TASK TO CARRY OUT » Your task is to transcribe each record exactly and to omit every image.

[Stored records]
•••••

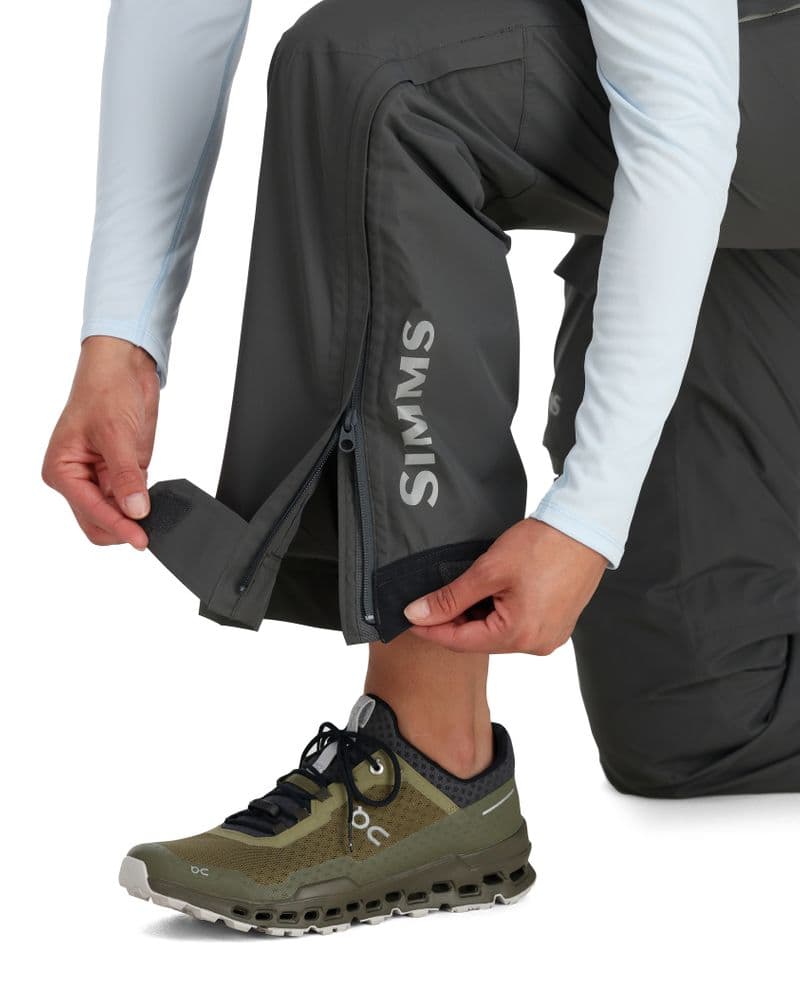 Wms Simms Challenger Bib Slate view 8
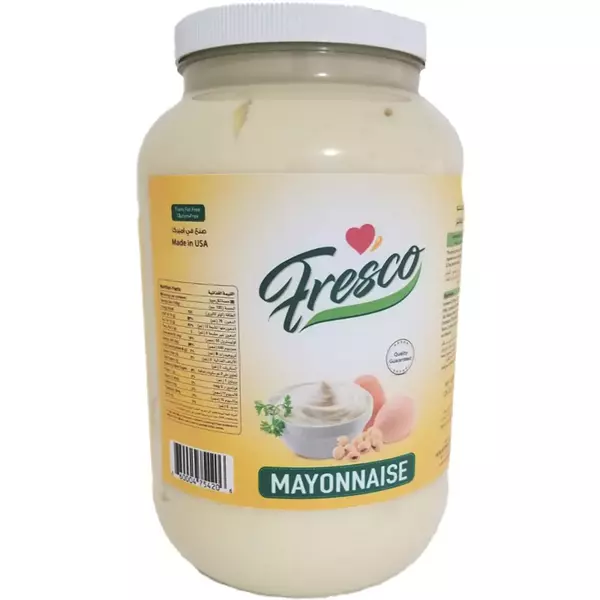 Fresco mayonnaise 949 ml x 12 - carton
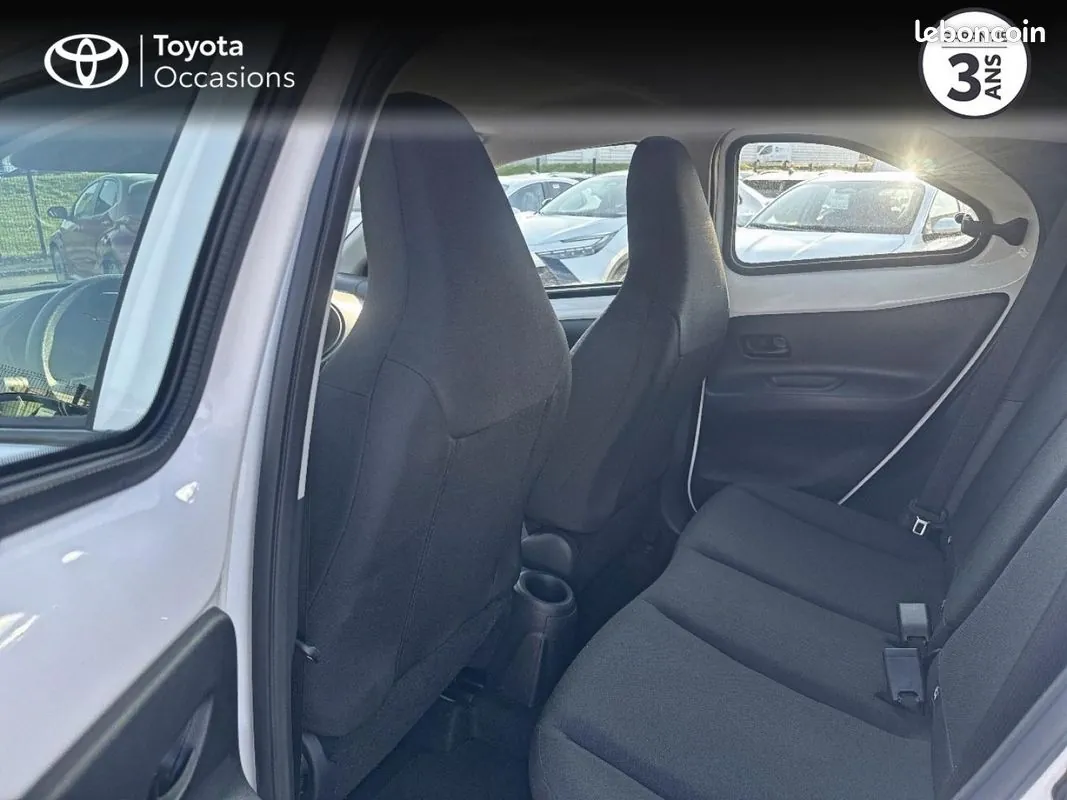 Toyota Aygo X 2023 photo 4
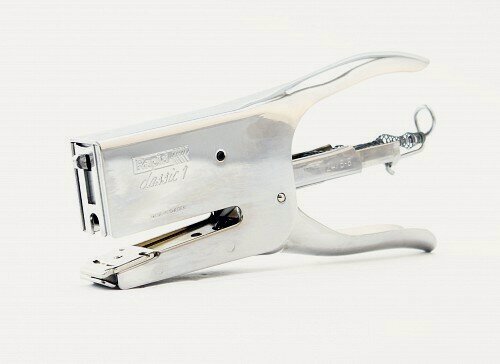 Изображение товара Степлер текстильный Rapid K41 для маркировки, ручной механический, для тонких волнистых скоб тип 41/6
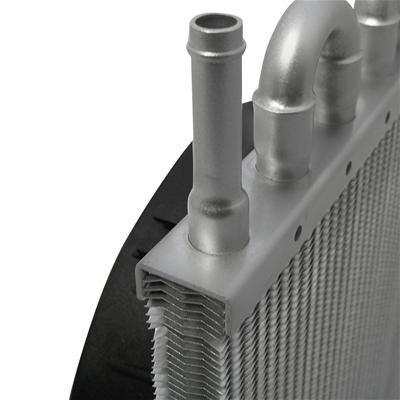 Mishimoto Heavy-Duty Transmission Coolers with Fans MMOC-F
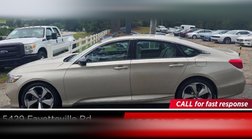 2018 Honda Accord EX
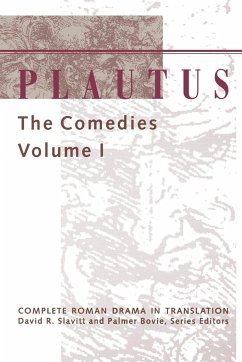 Plautus - Plautus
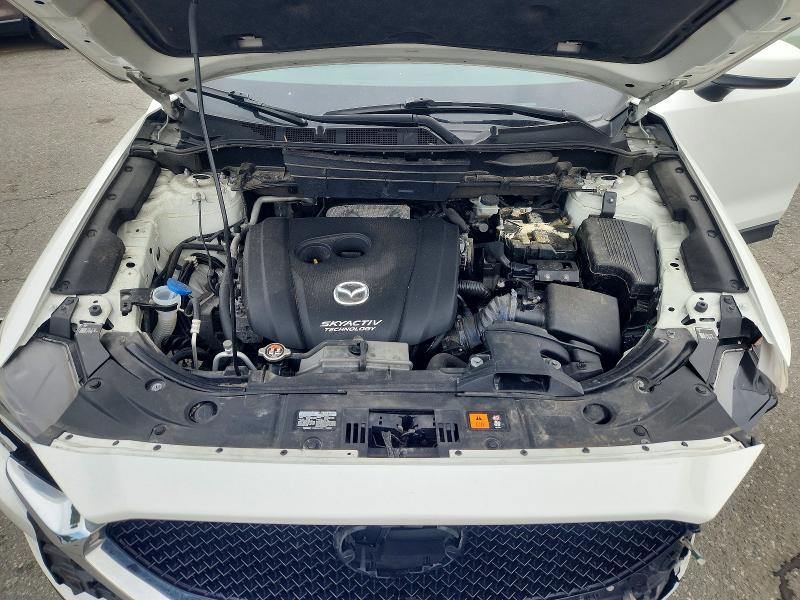 Продаж на аукціоні авто 2018 Mazda Cx-5, vin: JM3KFBCM8J0374317, номер лоту: 51414966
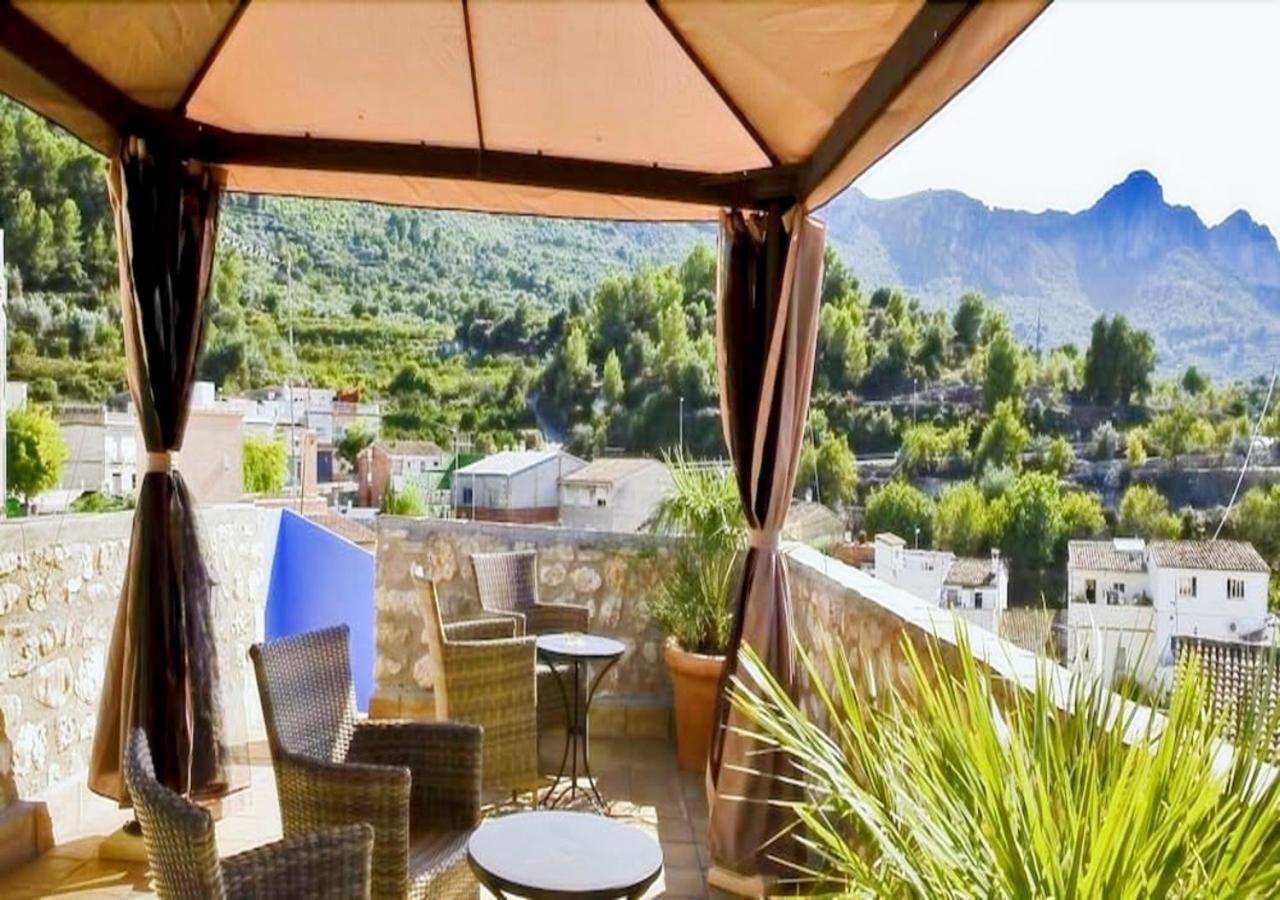 Hotel El Capricho Beniali (Adults Only) Аліканте Екстер'єр фото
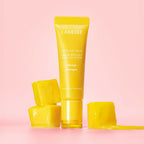 Laneige Lip Glowy Balm - Mango - Korean Lip Balm | Grocsy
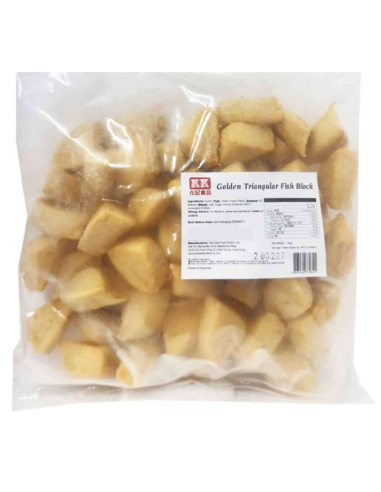 九記食品 魚片頭 1.2kg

•••••

WRITTEN SOLUTION »
 Wms Simms Challenger Bib Slate view 8
 Fresco mayonnaise 949 ml x 12 - carton
 Toyota Aygo X 2023 photo 4
 Изображение товара Степлер текстильный Rapid K41 для маркировки, ручной механический, для тонких волнистых скоб тип 41/6
 Mishimoto Heavy-Duty Transmission Coolers with Fans MMOC-F
 2018 Honda Accord EX
 Plautus - Plautus
 Продаж на аукціоні авто 2018 Mazda Cx-5, vin: JM3KFBCM8J0374317, номер лоту: 51414966
 Hotel El Capricho Beniali (Adults Only) Аліканте Екстер'єр фото
 Laneige Lip Glowy Balm - Mango - Korean Lip Balm | Grocsy
 九記食品 魚片頭 1.2kg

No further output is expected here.